WHAT THE TASK REQUIRES — Please copy out the full listing that follows exactly; no picture belongs in the copy.

INFORMATION SUPPLIED —
• • •
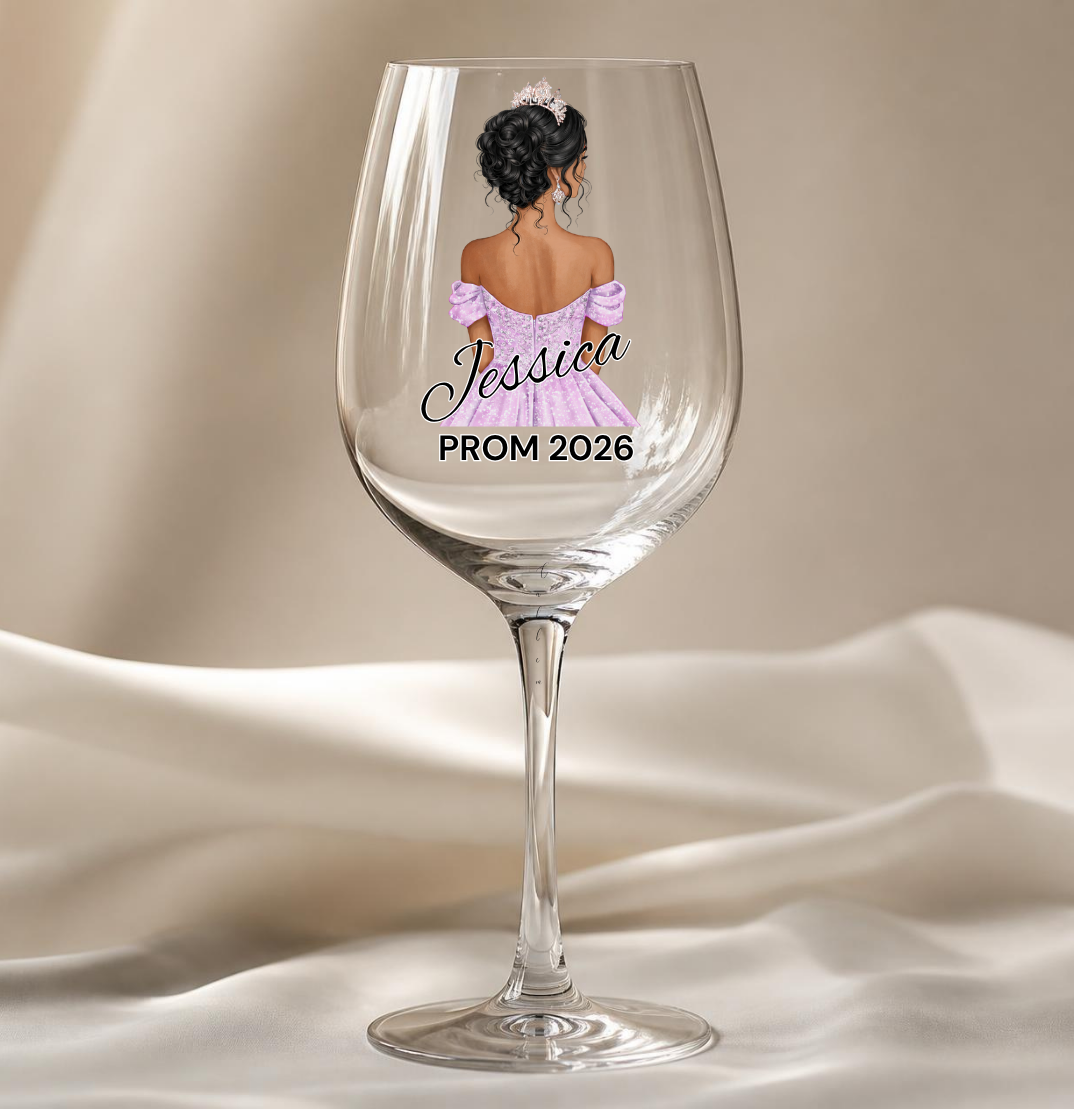 Lilac Prom Dress Decal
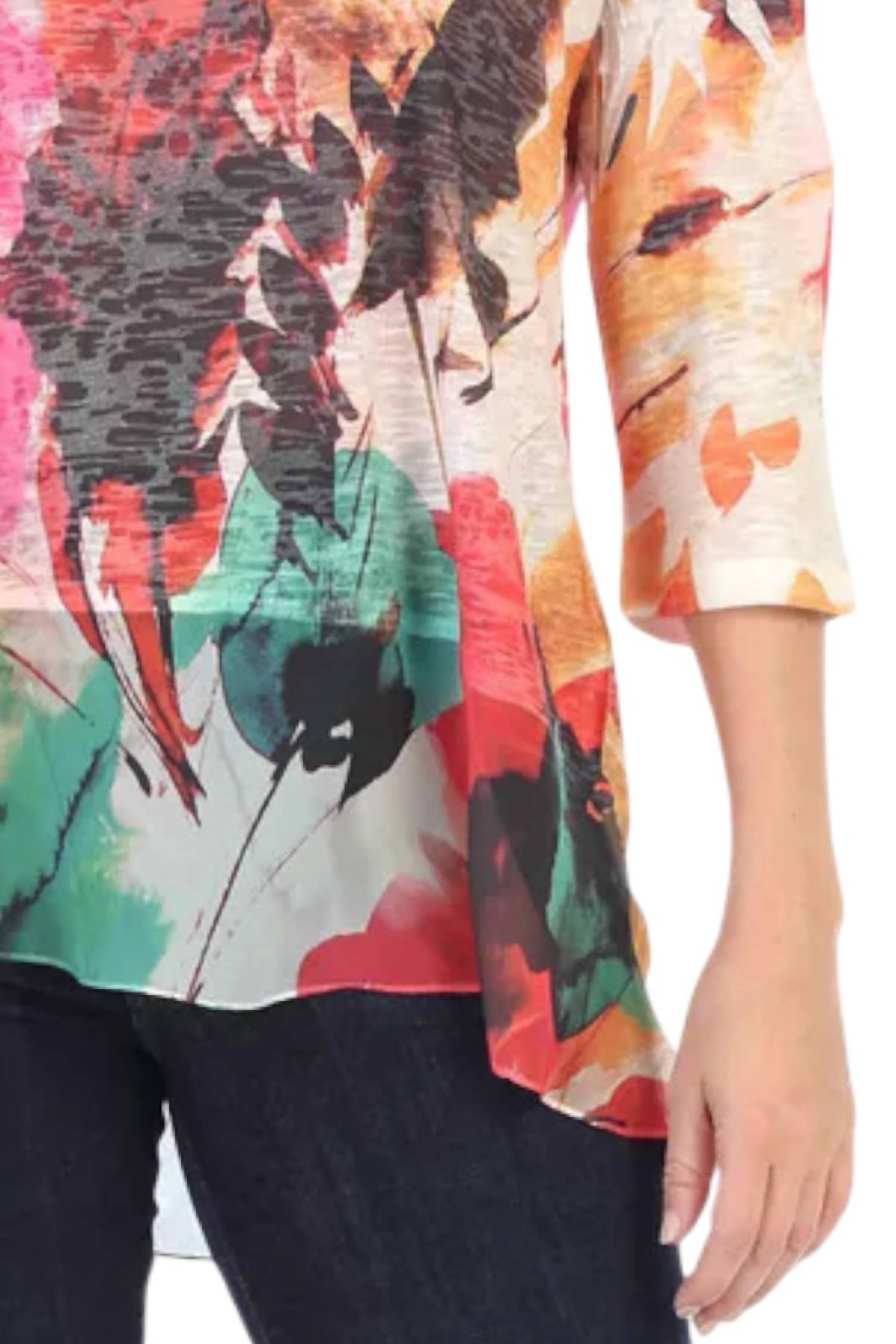 Jess & Jane - Love Song Chiffon Contrast Burnout Top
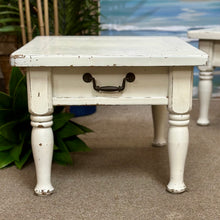 Load image into Gallery viewer, Distressed White Side Table
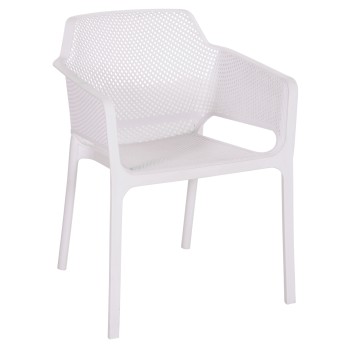 ARMCHAIR POLYPROPYLENE JOHN FK6103.01 WHITE 59x58x79.5Hcm.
• • •
WRITTEN SOLUTION —
 Lilac Prom Dress Decal
 Jess & Jane - Love Song Chiffon Contrast Burnout Top
 Load image into Gallery viewer, Distressed White Side Table
 ARMCHAIR POLYPROPYLENE JOHN FK6103.01 WHITE 59x58x79.5Hcm.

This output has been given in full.